Leon, by contrast, regarded the Fed’s task as “mechanically sifting” expenses into approved and prohibited charges without taking into account the need for “reasonableness and proportionality in incurred transactional costs,” Fed lawyers wrote.
NACS, formerly known as the National Association of Convenience Stores, and other merchant groups said in a filing that a preliminary version of the rule contemplated a swipe fee of no more than 12 cents.
“After significant pushback from banks during the comment period, the board reversed course and adopted a final rule greatly expanding allowable costs,” the retailers said.
“The board determined that it was not required even to identify, let alone distinguish between, costs that the statute required it to include and those that the statute required it to exclude,” they argued.
The Fed also erred by allowing a debit card to be limited to one network for signature transactions and another for PIN transactions, the merchant groups said.

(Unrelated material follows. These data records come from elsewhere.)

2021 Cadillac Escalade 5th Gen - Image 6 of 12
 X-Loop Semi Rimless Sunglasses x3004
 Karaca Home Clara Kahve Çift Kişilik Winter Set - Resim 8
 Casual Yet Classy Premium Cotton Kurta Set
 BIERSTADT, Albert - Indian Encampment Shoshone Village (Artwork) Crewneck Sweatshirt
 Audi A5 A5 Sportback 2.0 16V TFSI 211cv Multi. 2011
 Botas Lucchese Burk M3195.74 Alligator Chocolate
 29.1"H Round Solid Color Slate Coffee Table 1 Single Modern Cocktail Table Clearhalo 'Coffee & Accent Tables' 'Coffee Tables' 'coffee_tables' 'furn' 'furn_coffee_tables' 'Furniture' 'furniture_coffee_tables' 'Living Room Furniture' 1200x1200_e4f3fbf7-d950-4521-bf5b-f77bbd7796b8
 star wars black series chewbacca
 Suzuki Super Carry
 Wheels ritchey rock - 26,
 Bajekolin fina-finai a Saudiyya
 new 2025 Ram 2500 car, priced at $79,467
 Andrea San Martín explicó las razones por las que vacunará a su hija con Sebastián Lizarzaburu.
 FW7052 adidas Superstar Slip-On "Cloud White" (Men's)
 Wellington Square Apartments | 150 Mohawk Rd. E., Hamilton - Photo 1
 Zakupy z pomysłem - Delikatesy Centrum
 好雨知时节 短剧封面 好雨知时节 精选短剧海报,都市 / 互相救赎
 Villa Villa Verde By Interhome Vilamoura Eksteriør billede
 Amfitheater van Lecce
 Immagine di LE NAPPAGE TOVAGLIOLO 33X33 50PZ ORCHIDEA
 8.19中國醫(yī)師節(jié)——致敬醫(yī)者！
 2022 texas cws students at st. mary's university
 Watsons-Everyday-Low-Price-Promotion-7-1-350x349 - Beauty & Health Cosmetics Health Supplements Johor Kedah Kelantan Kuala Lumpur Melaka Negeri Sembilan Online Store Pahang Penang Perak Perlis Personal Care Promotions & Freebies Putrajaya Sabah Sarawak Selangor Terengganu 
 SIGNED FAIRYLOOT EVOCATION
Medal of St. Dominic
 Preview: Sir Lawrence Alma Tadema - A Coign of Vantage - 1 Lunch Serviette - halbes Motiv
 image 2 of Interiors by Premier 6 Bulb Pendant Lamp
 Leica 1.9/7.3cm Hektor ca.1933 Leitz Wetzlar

The law required that at least two competing networks be available for both types of authorization for each transaction, they said, citing Leon’s opinion.
The Fed responded that the law “nowhere provides that multiple routing options must be guaranteed in every instance,” including where the merchant itself has decided on the possible authentication methods.
The American Bankers Association and other bank and credit union trade groups said in a court filing that while the Fed’s final regulation represented an improvement over the initial 12-cent proposal, the regulator unreasonably and improperly set interchange fees that covered only a portion of the card issuers’ transaction costs.
Dodd-Frank, the regulatory overhaul enacted in July 2010, required the Fed to ensure that fees charged for debit-card purchases were “reasonable and proportional” to the cost of processing transactions.
Legislation for the swipe fee cap was written after merchants successfully lobbied for a measure pushed by Senator Dick Durbin, a Democrat from Illinois, to curb the power of banks and payment networks to impose fees. It remains in place pending the outcome of the central bank’s appeal.
In a separate case in federal court in Brooklyn, Visa and MasterCard reached a $5.7 billion settlement with merchants who sued over claims that credit-card swipe fees are improperly fixed. The National Retail Federation and dozens of merchants including Wal-Mart and Target have appealed the approval of the deal by a federal judge in Brooklyn.